Me : One of your friends punched me in the face!
Him : Which one?
Me : I only have one face, Carl.
Idea: Like Google Glass, but a necklace or something that projects a website onto the face of the person talking to you.
[roommate hears me come in]
“how was the date?”
[face sucked back and teeth showing like im skydiving] apparently, I’m allergic to shellfish
Trump: “I’m going to make sure we let in less immigrants.”
Pence: “Fewer!”
Trump: “Shhh, don’t call me that yet.”
Millenials Are Ruining The Economy By No Longer Dying In Coal Mines At Age 8 In Exchange For Ham
My lady bits are ready to be fertilized now….
Flirting is easy!
What you call “Brunch” I call “Breakfast for Alcoholics.”
When you say, “save me some nachos” and I say, “okay” think Rose at the end of Titanic saying “I’ll never let go”..as she lets go.
*uses a selfie stick to selfie with my new friends in the police lineup*
Him: Why do you always need the last word?
Me: I don’t.
Him:
Me: I don’t really.
Him:
Me: I don’t! And that’s final.
Him:
[lying with girlfriend & looking up at the stars]
“Hey–”
*points to shooting star*
“You’ve put on a lot of weight.”
All of the good tweets are either married or gay.
I’ve spent the better part of my day trying to figure out why “mustache” & “headache” don’t rhyme.
When you’re being watched by a group of people and you’re like… is this how I normally walk? this feels weird, wtf are you doing, legs?
If a bear confronts you in the woods, make it go away by handing it a flyer for your boyfriend’s band’s show.
I read all your bumper stickers and now we’re both stupid.
A pregnant lady was in line in front of me and a stranger asked her what she was having and she said “idk prob the chicken tenders.” Legend.
All the gas has sold out around here so I’m sending the husband out to buy a couple of horses.

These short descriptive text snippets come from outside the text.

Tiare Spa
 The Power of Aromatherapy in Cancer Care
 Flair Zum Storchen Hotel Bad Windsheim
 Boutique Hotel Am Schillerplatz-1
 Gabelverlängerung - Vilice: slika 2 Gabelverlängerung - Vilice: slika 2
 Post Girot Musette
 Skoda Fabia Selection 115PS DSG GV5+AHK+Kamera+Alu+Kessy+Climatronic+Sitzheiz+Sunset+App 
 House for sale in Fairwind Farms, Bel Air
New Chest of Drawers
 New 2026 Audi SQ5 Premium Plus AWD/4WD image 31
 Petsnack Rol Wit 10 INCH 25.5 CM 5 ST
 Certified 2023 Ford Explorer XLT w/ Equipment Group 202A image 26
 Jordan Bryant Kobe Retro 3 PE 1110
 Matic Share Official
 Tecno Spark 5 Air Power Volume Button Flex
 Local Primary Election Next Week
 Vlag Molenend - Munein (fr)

Note to self: Remove “Does anyone else know you’re here?” from list of first date small talk questions.
I accidentally spilled water on the rice so I immediately put it in a jar of smartphones.
There’s a tornado warning and we’re about to hop into our blow up pool. If you see us fly by, please don’t hesitate to say hello.
My kid: Hurts his eye putting on safety goggles
Alanis Morisette: *deep breath*
[first date]
HER: It looks like you work out
ME: *adjusting the tissues in my sleeves* Oh yeah, big time worker outer
my mother: you should still take a sweater just in case
4: mommy? *takes bite*
Me: yes, love?
4: *chewing* I’m hungry.
Me: …I have good news
If there’s a “Mr.” in front of your cat’s name you’re going to die alone.
When walking off an elevator, I like to turn around & say, “this is the part in our adventure where I must leave you now.”